┌─ Data extract

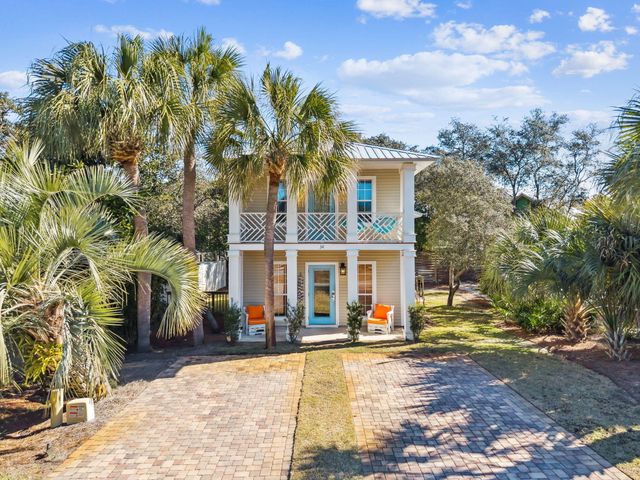 34 Marlin Street, Santa Rosa Beach, FL 32459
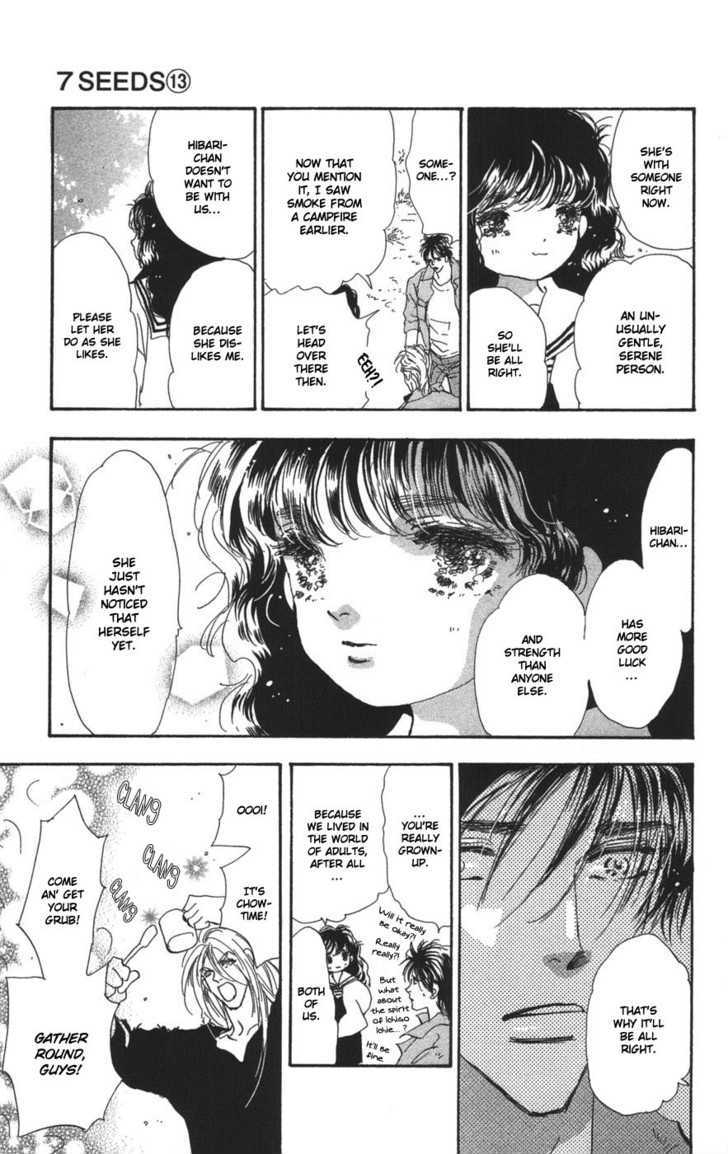 7 Seeds Chapter 67 page 25 - Chapter 67 : Summer Solstice chapter 5 Pick Up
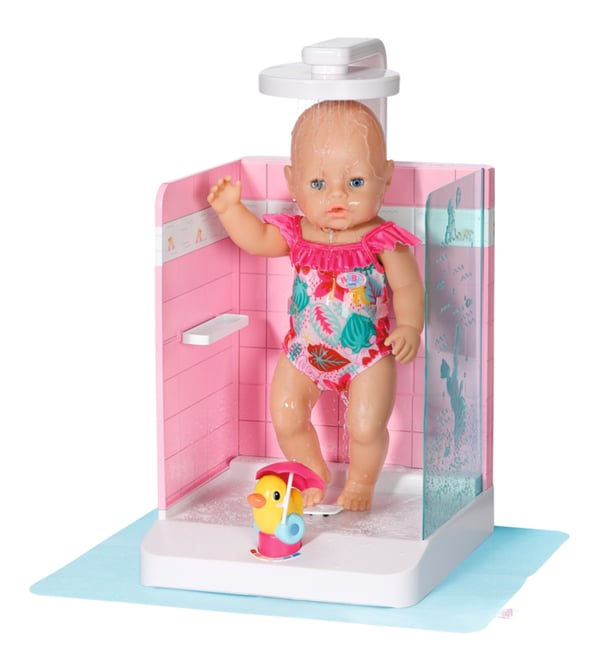 BABY born Bath Walk in Shower Nuken kylpyhuone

└─

● What the exercise asks: Please write out the entire listing above exactly, but leave the pictures out.

● Written response:
 34 Marlin Street, Santa Rosa Beach, FL 32459
 7 Seeds Chapter 67 page 25 - Chapter 67 : Summer Solstice chapter 5 Pick Up
 BABY born Bath Walk in Shower Nuken kylpyhuone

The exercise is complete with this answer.